Merrick Garland really is anti-gun

Merrick Garland really is anti-gun

The usual gaggle of anti-gun suspects has come out of the woodwork to attack the “gun lobby” for its opposition to any action on behalf of Supreme Court nominee Merrick Garland.

Coupled with their typical protestations that their attacks on Second Amendment advocates are not attacks on the Second Amendment itself, their words are laden with half-truths and selectively culled “facts.”

But the truth is simple. Second Amendment issues have come before Garland, at least four times. He voted anti-gun every time.

In 2007, Garland was one of four judges on the District of Columbia Circuit who voted for the full court to rehear a pro-gun holding of a three-judge panel overturning Washington’s draconian gun ban in District of Columbia v. Heller.

And, yes, although Garland was joined by A. Raymond Randolph, appointed by George H.W. Bush, Garland’s vote was not merely a matter of intellectual curiosity. A comparable case, Seegars v. Gonzales, was decided differently two years earlier by an anti-gun panel of the same court. That time, Garland voted against a rehearing by the full court.

In 2000, Garland voted to allow the FBI to retain background check records well beyond the immediate destruction required by the Brady Law. I drafted the original version of the Smith Amendment that prohibits the FBI from keeping such records and taxing gun transactions that require a background check, which was in effect at the time. And, as the draftsman, I can tell you that Garland’s position was contrary to statutory law.

Finally, in 2012, Garland voted to allow prosecution (with a 30-year mandatory minimum sentence) of automatic firearms offenses without the prosecutor having to prove the accused knew the weapon was automatic, known as a showing of mens rea or a guilty mind, a requirement common in criminal law.

We know that with his anti-gun record, Garland would be the “swing vote” on the Supreme Court with respect to the 5-to-4 Heller decision and the subsequent McDonald decision that extended it. These cases recognized that the Second Amendment applied to individuals and to states.

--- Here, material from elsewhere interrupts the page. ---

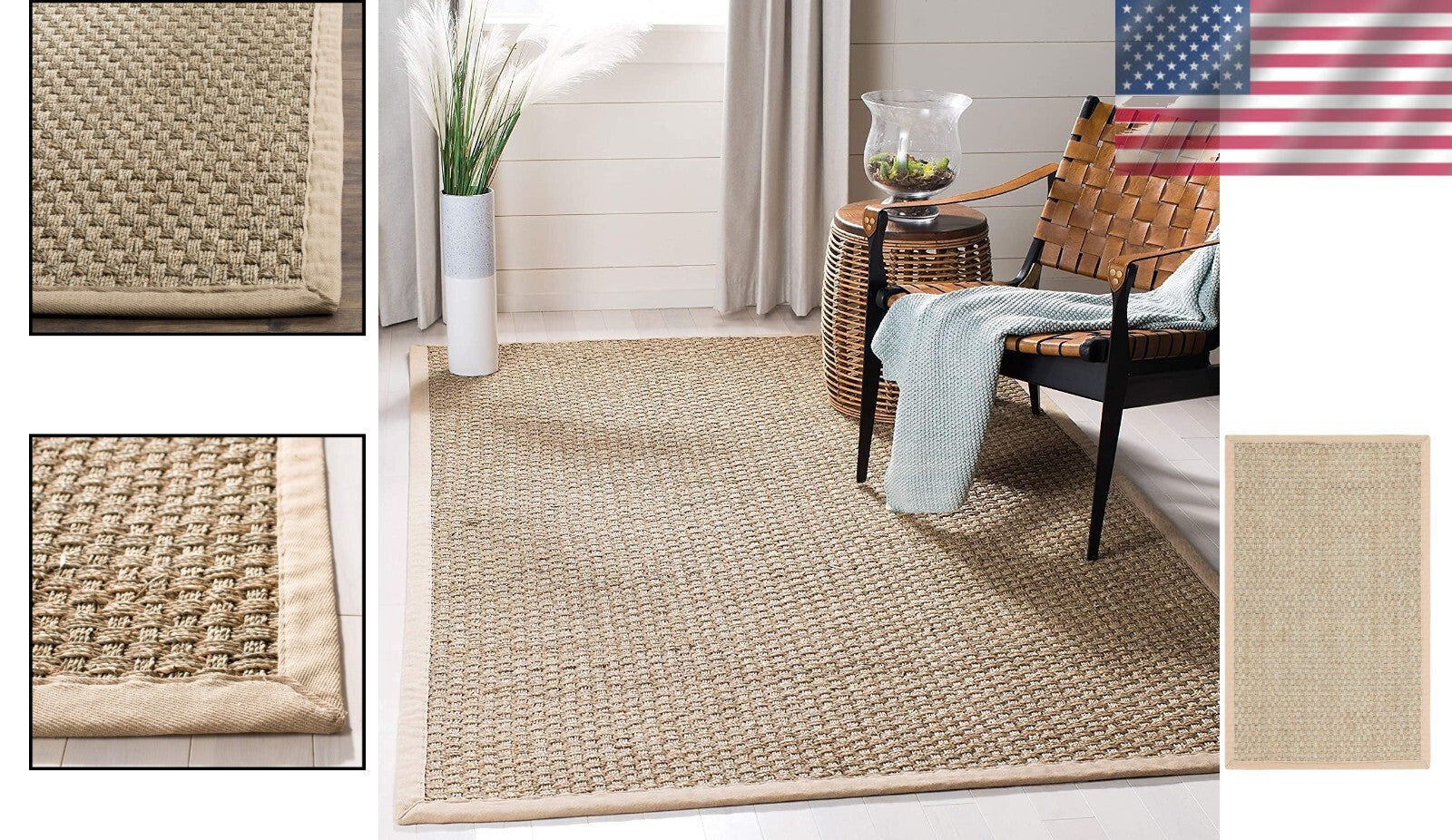 Eco-Friendly 3' x 5' Seagrass Accent Rug with Cotton Border - Durable & Stylish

We also know that Justices Elena Kagan, Sonia Sotomayor, Ruth Bader Ginsburg and Stephen Breyer have called for reconsideration of Heller — both from the bench in the McDonald dissent and, in the case of Kagan, in a public speech. Whatever the unanimous Supreme Court rejection of a Massachusetts court ruling that upheld the state’s stun gun ban meant, it surely does not mean that these four justices have suddenly reversed their narrow reading of the Second Amendment.

If Garland were perfectly consistent with our views on every other issue, the possibility that the Supreme Court would fundamentally rip the Second Amendment from the Constitution would be enough to justify our position.

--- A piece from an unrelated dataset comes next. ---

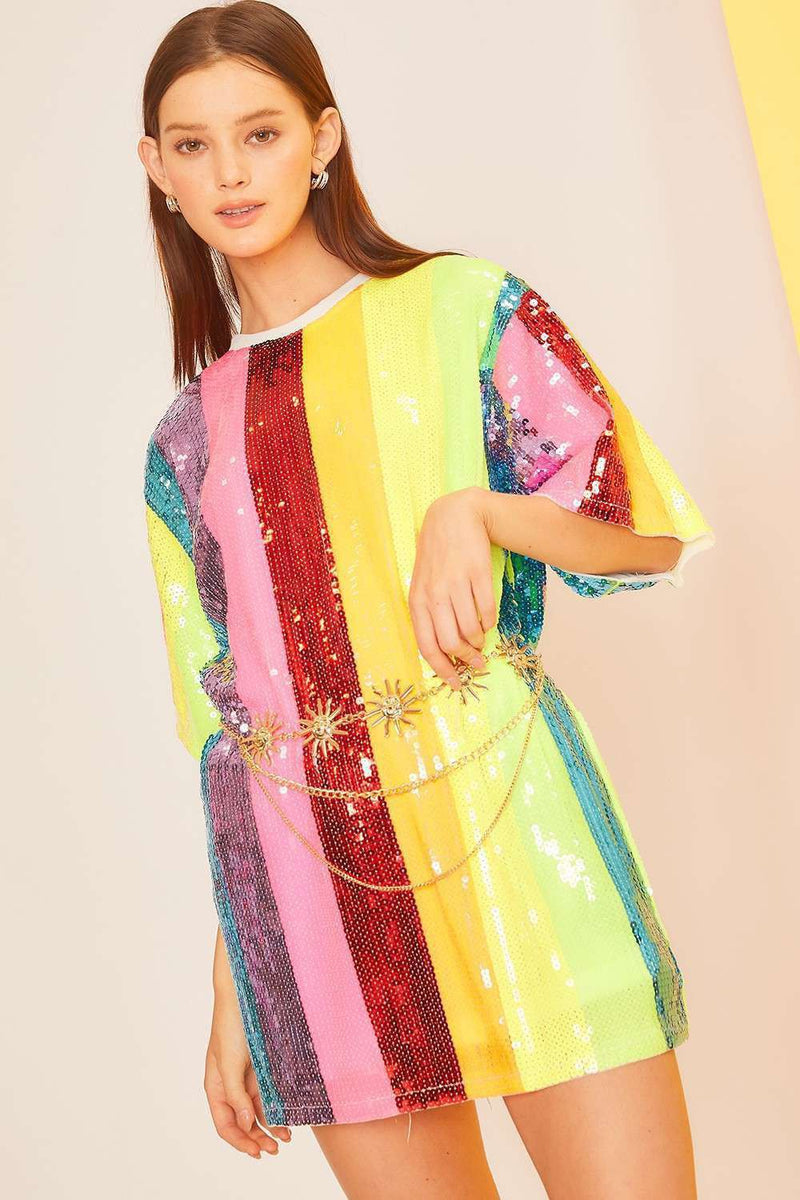 Zara rainbow sequin outlet dress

Some argue that it is somehow either a matter of precedent or a matter of “decorum” to give Garland a hearing or at least a vote, a point made last week by the conservative former senator Tom Coburn of Oklahoma. But in an era where the court has turned itself into a super legislature, the Senate clearly has not only the right but also the obligation to block any nominee who would further that usurpation of power.

I was general counsel to the Senate Steering Committee — the Senate’s conservative Republican caucus — during the Bork nomination. I can tell you that both Robert Bork and Clarence Thomas were crucified by the Senate. With the balance of the court at stake, Senate Democrats would have done anything they thought would be helpful (and politically doable) to stop either of the nominees.

Finally, the argument has been made recently that, on the D.C. Circuit, Garland and John Roberts voted together on 85% of the 34 cases they shared. I’m not sure that conservatives are thrilled about the prospect of another “John Roberts” on the court. Setting that aside, the fact is that a substantial majority of lower court cases revolve around narrow questions of fact and law.

Because the Supreme Court largely selects its docket, the percentage is lower with them. But even with the Supreme Court, 66% of the cases were decided by a 9-0 decision in the 2013-14 term (40% in 2014-15), and only about 15% of the outcomes were 5-4 (26% in 2014-15).

Put another way: Because not all 5-4 splits are strictly ideological, one or more conservatives voted with one or more liberals in more than 85% of Supreme Court decisions in 2013-14. Yet, despite the fact that all liberal and conservative justices agree (unanimously) up to two-thirds of the time, it is the blockbuster cases where the difference between Ginsburg and Antonin Scalia matters.

So, yes, the gun lobby will continue to support the Second Amendment and oppose the Garland nomination. And, yes, Democrats in tight Senate races in pro-gun states might want to keep this in mind.

Michael Hammond, general counsel of Gun Owners of America, is the former executive director of the Senate Steering Committee.  This article first appeared in USA Today on May 1.